PROBLEM TO WORK ON
Exclude any images and output the remaining records exactly.

▬▬▬▬▬▬▬▬▬▬

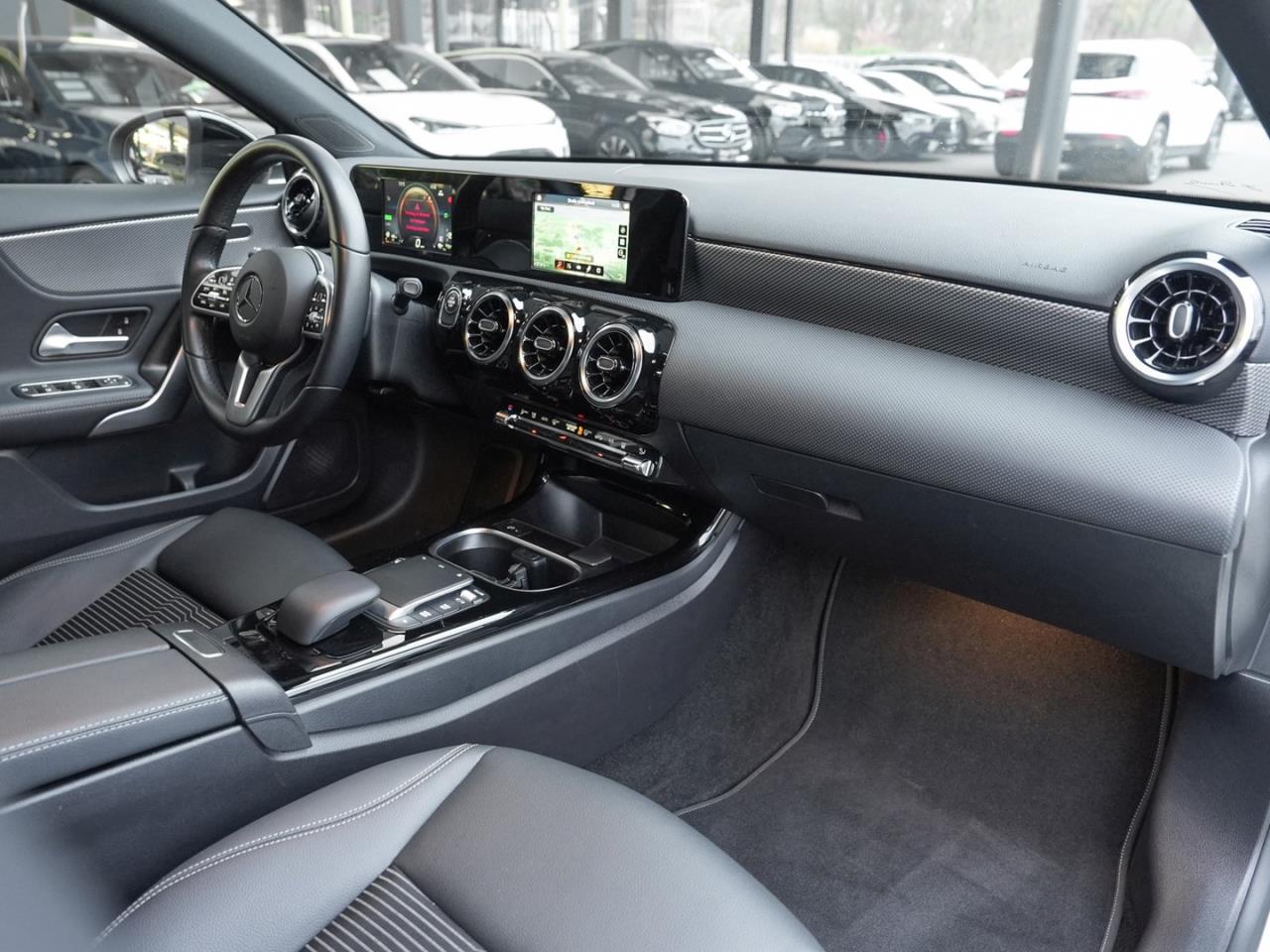 Mercedes-Benz A 250 e  Progressive Night MBUXNavi+ SitzkomfortP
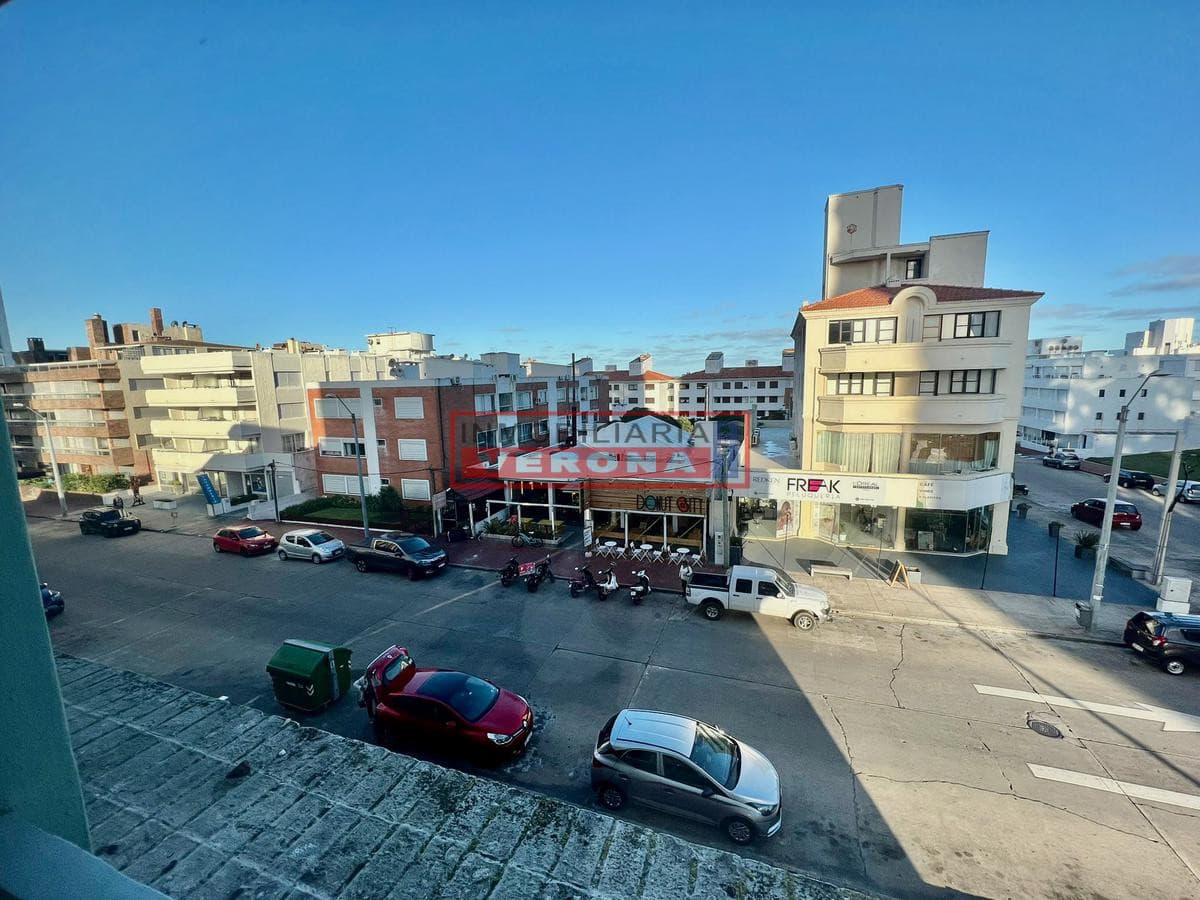 Apto en Peninsula - 1 Dormitorio y medio - Inmobiliaria Verona Punta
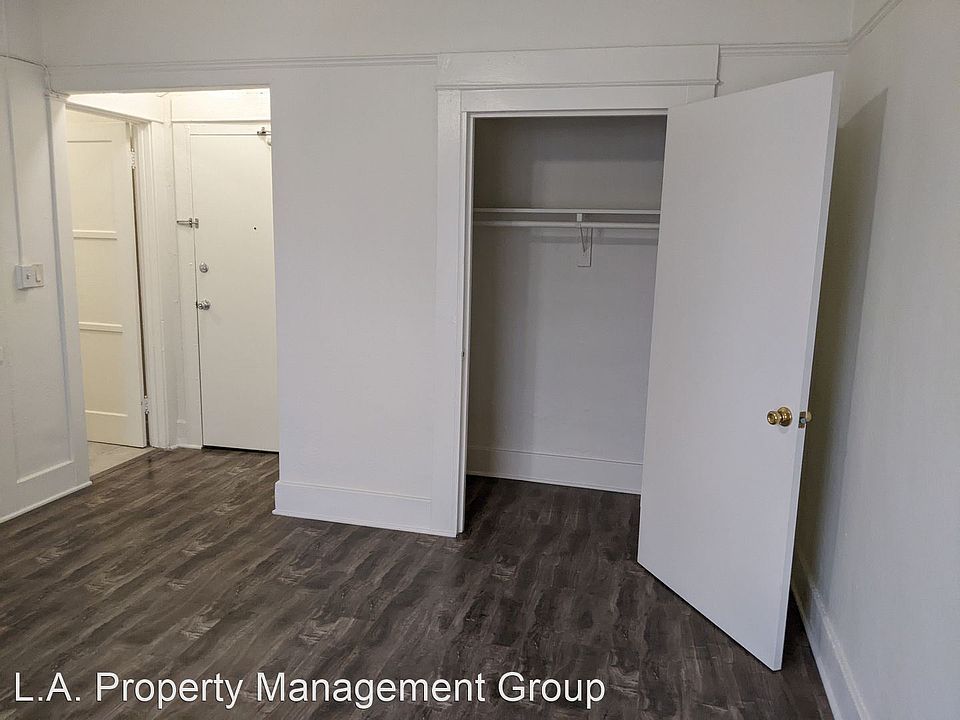 1st image of 2913 S Flower St #C06
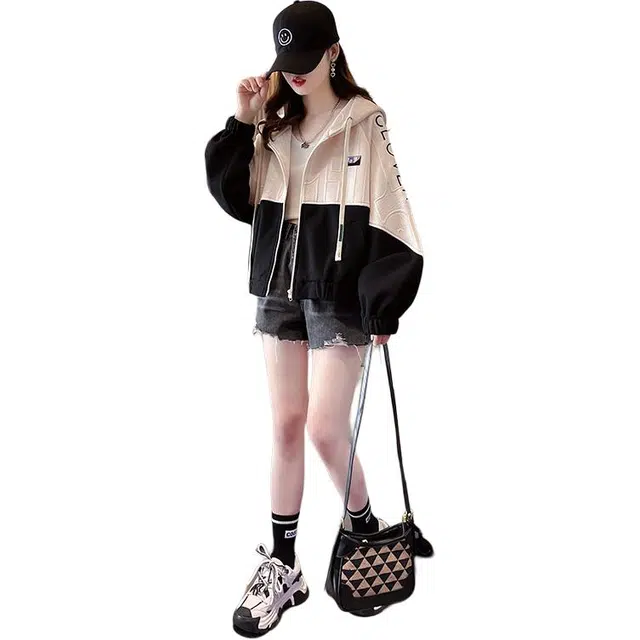 Kiki Clothing Boutique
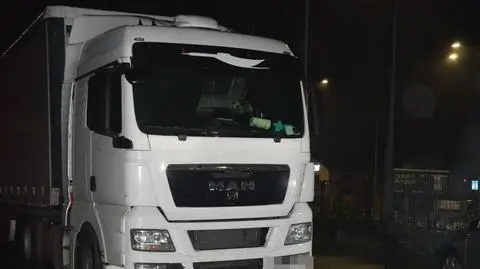 Ciało mężczyzny na parkingu przy ciężarówce. Policja wyjaśnia okoliczności śmierci  
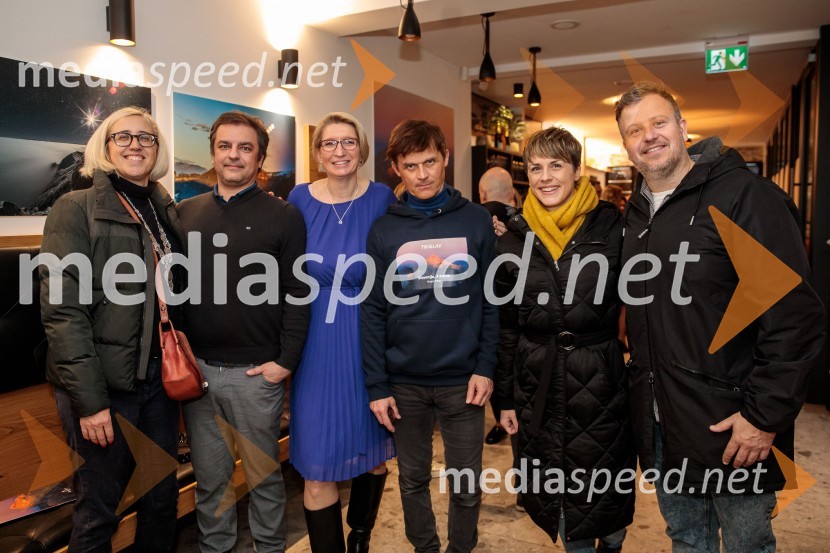  ... ;  ... ;  ... ;  Gregor Kresal, filmski ustvarjalec in fotograf, nekdanji alpinist;  Špela Zakotnik, Edutrain.me;  ... Slovenija, 4 barve, odprtje razstave Gregorja Kresala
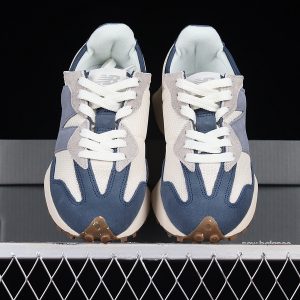 New Balance 230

▬▬▬▬▬▬▬▬▬▬

SOLUTION TO THE EXERCISE
 Mercedes-Benz A 250 e  Progressive Night MBUXNavi+ SitzkomfortP
 Apto en Peninsula - 1 Dormitorio y medio - Inmobiliaria Verona Punta
 1st image of 2913 S Flower St #C06
 Kiki Clothing Boutique
 Ciało mężczyzny na parkingu przy ciężarówce. Policja wyjaśnia okoliczności śmierci  
  ... ;  ... ;  ... ;  Gregor Kresal, filmski ustvarjalec in fotograf, nekdanji alpinist;  Špela Zakotnik, Edutrain.me;  ... Slovenija, 4 barve, odprtje razstave Gregorja Kresala
 New Balance 230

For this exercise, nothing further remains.